Using the classic sphere example:
\(f(x, y, z) = \sqrt{x^2 + y^2 + z^2} - r\) where \((x, y, z)\) is the point being tested, and \(r\) is the sphere’s radius, centered at (0, 0, 0) for simplicity.
Combined with ray marching, SDFs are very powerful rendering tools. Instead of solving ray-shape intersections analytically, we march along the ray, using the SDF to tell us how far we can safely jump without missing anything. In the best case, a ray heading straight at an isolated object converges in very few, very large steps.
vec3 raymarch(vec3 camera_position, vec3 ray_direction) {
// These constants are arbitrary
const float max_steps = 64;
const float max_distance = 200;
const float epsilon = 0.001;
float total_distance = 0;
vec3 ray_origin = camera_position;
for (int i = 0; i < max_steps; i++) {
float distance = SDF(ray_origin);
if (distance < epsilon) {
return ray_origin; // Hit a surface
}
ray_origin += ray_direction * distance;
total_distance += distance;
if (total_distance > max_distance) break;
}
return vec3(0.0); // Didn't hit anything
}
Each fragment gets its own ray. The ray’s direction is just:
// Convert the on screen coordinate to UV coordinates, in the range of -1 to 1
// Dividing by resolution.y preserves the aspect ratio.
vec2 uv = (gl_FragCoord - 0.5 * resolution) / resolution.y;
// Map a ray pointing into the scene to camera space.
vec3 ray_direction = normalize(mat3(camera_matrix) * vec3(uv, -1.0));
Now for the actual SDF itself. We can store all the object data, like position and size in a uniform buffer that we can access in the fragment shader. Then in the scene’s SDF function, we just find the surface that’s closest to the ray’s point. This way, we can render multiple objects without needing instancing.
// `SphereData`, `num_spheres` and `uniform_spheres_data` are defined up here...
// Example that draws spheres:
float scene_SDF(vec3 point) {
float min_dist = 999.9f;
for (int i = 0; i < num_spheres; i++) {
SphereData sphere = uniform_spheres_data[i];
float distance = length(point - sphere.position) - sphere.radius;
min_dist = min(distance, min_dist);
}
return min_dist;
}
Once we hit a surface, we need a normal for lighting.
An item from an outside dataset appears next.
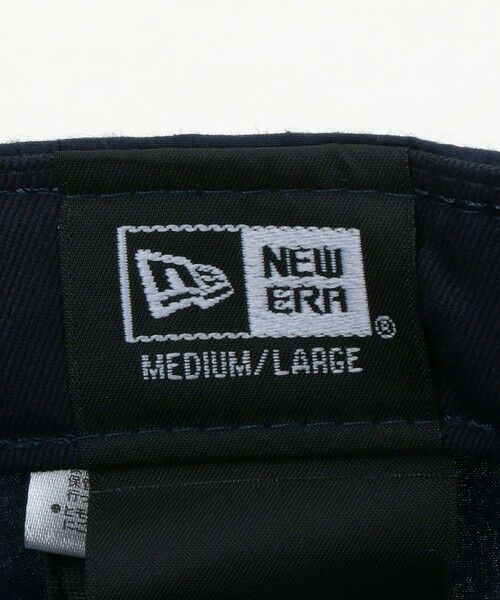 BEAUTY&YOUTH UNITED ARROWS / ビューティー&ユース ユナイテッドアローズ キャップ | 【別注】＜NEW ERA＞9TWENTY タイプライター キャップ | 詳細22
The SDF’s gradient gives us exactly that. In general, the gradient of a function \(f\) at a point \((x, y, z)\) tells you what direction to move in from the point to most quickly increase the value of \(f\). Near the surface of an SDF, the fastest way to increase the value (from negative to positive or zero to more positive), is to move straight outwards, perpendicular to the surface.
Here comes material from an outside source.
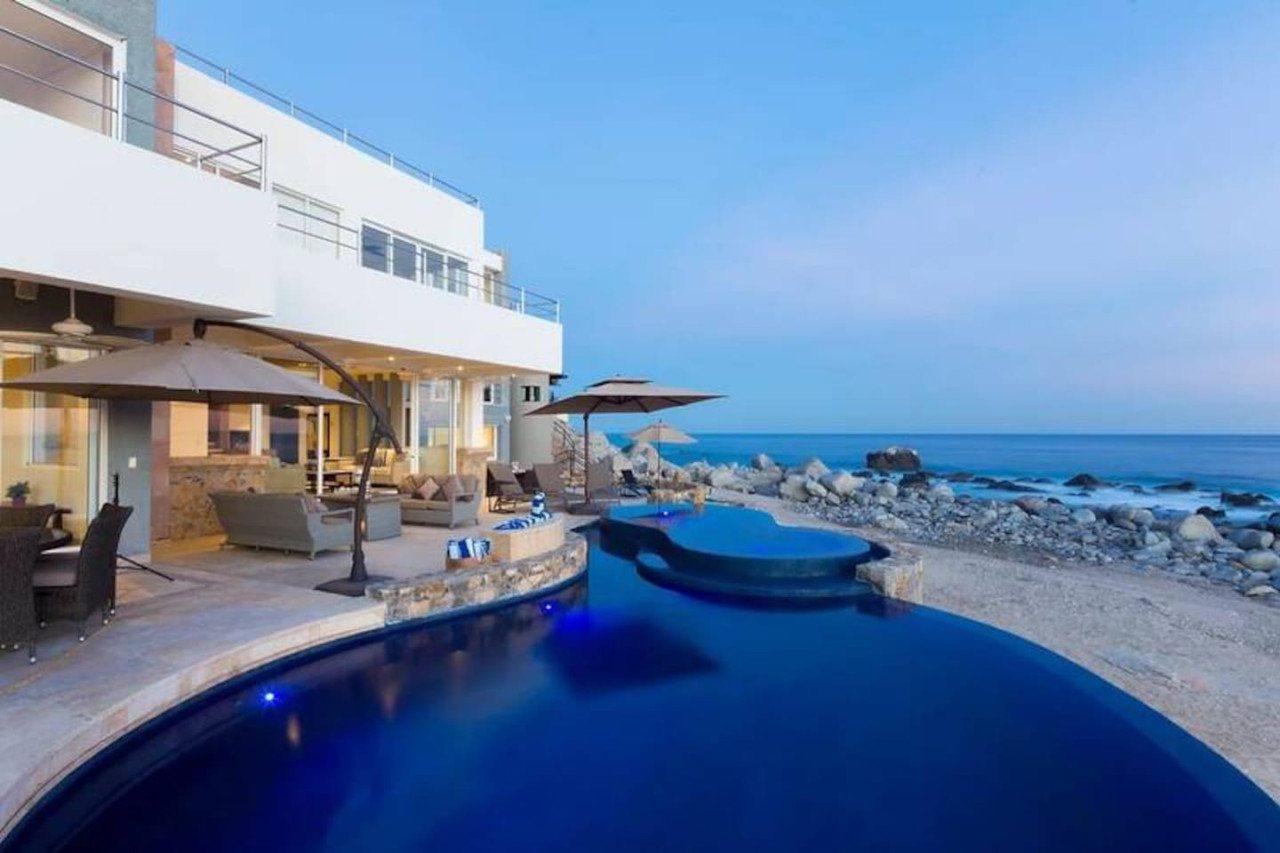 Cabo San Lucas Vacation Rental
We can approximate the gradient using tiny offsets:
vec3 gradient(vec3 p) {
float epsilon = 0.001;
return normalize(vec3(
scene_SDF(vec3(p.x + epsilon, p.y, p.z)) - scene_SDF(vec3(p.x - epsilon, p.y, p.z)),
scene_SDF(vec3(p.x, p.y + epsilon, p.z)) - scene_SDF(vec3(p.x, p.y - epsilon, p.z)),
scene_SDF(vec3(p.x, p.y, p.z + epsilon)) - scene_SDF(vec3(p.x, p.y, p.z - epsilon)),
));
}
From here we can proceed to do the rest of our lighting calculations.